Il tempio di Shani Shingnapur non è il solo a vietare l’ingresso delle donne. Da alcuni mesi anche le donne del Kerala stanno protestando contro la pratica che vieta loro l’accesso al tempio Sabarimala Ayyappa. In questo caso i toni si sono fatti più accesi e anche la Corte suprema dello Stato è intervenuta in materia.
Il contenzioso è venuto alla luce quando Thazhamon Madom Kandararu Rajeevaru, il capo dei sacerdoti, ha detto: “Il dio Ayyappan è casto. Perciò permettere alle donne l’adorazione nel tempio è peccato”. In seguito il direttorio del tempio, guidato da Prayar Gopalakrishnan, ha dichiarato che “il consiglio protegge gli interessi dei fedeli. La divinità del tempio deriva da questa tradizione e la proteggeremo ad ogni costo”.

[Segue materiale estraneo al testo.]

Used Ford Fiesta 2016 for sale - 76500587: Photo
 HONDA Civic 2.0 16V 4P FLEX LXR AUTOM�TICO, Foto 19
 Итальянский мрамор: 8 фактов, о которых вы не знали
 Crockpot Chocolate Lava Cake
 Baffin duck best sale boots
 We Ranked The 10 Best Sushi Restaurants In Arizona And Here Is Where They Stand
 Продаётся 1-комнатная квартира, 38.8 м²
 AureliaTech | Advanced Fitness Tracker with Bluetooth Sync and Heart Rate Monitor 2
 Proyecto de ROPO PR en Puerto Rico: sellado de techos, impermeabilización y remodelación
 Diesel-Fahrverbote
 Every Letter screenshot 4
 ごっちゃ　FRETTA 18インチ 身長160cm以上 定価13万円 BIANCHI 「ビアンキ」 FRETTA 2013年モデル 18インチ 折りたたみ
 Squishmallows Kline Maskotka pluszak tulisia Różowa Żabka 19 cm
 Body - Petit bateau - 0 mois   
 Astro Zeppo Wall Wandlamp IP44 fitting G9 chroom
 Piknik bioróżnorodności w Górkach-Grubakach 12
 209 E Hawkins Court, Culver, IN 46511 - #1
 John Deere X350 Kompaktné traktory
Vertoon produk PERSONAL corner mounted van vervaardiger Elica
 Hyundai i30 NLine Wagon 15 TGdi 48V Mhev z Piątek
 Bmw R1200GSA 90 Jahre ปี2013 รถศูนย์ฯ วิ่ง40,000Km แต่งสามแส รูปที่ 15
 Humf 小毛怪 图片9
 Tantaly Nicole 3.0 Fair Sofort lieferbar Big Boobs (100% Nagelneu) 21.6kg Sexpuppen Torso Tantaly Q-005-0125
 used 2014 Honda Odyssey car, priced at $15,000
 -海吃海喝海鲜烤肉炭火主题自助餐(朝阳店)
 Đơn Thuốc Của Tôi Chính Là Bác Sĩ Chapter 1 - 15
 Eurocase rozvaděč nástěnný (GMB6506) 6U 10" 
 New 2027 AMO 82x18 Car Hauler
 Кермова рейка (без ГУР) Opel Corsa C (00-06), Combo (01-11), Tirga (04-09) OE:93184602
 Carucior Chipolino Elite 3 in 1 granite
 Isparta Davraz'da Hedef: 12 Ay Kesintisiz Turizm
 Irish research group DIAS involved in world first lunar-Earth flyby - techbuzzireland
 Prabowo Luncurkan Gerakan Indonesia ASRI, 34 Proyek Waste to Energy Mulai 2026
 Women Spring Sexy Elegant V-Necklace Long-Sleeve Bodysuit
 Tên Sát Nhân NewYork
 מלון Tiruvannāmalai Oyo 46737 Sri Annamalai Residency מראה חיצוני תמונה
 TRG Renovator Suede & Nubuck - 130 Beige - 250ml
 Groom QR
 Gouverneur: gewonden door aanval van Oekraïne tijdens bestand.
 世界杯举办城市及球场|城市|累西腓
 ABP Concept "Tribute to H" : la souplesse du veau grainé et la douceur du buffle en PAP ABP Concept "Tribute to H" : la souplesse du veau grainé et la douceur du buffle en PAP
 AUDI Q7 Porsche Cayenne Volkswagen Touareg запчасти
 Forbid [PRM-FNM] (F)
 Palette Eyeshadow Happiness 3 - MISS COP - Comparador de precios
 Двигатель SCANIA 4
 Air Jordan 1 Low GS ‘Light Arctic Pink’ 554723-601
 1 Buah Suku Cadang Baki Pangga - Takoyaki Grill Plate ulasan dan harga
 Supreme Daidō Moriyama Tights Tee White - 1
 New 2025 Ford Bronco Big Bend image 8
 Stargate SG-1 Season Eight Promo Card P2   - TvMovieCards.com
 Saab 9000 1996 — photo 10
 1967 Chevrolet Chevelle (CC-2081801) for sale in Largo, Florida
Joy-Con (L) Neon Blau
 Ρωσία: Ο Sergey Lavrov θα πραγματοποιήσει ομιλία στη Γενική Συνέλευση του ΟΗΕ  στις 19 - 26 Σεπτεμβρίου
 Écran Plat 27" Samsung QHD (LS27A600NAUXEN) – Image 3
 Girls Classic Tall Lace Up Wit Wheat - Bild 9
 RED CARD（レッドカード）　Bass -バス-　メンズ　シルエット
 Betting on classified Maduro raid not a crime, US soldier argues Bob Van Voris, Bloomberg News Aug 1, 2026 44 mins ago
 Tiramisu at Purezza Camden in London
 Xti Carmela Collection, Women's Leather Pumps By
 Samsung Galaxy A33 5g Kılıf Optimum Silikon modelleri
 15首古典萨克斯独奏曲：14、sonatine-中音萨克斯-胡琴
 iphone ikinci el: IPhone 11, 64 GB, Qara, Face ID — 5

Il sacerdote ha attirato numerose critiche quando ha proposto l’invenzione di un macchinario in grado di indagare se le donne sono “pure”. In caso contrario, tutte coloro che hanno un’età compresa tra i 10 e i 50 anni – quello che di solito è considerato il periodo di fertilità – sono bandite.
In quel caso la reazione dei social network è stata immediata, con gli utenti che protestavano reclamando la libertà di culto anche per le donne. Il contenzioso è ancora in corso e ha preso una piega oscura quando Naushad Ahmed Khan, l’avvocato che difende la posizione delle donne di fronte alla Corte suprema, ha denunciato di aver ricevuto più di 700 minacce, dirette a fargli ritirare il caso in tribunale.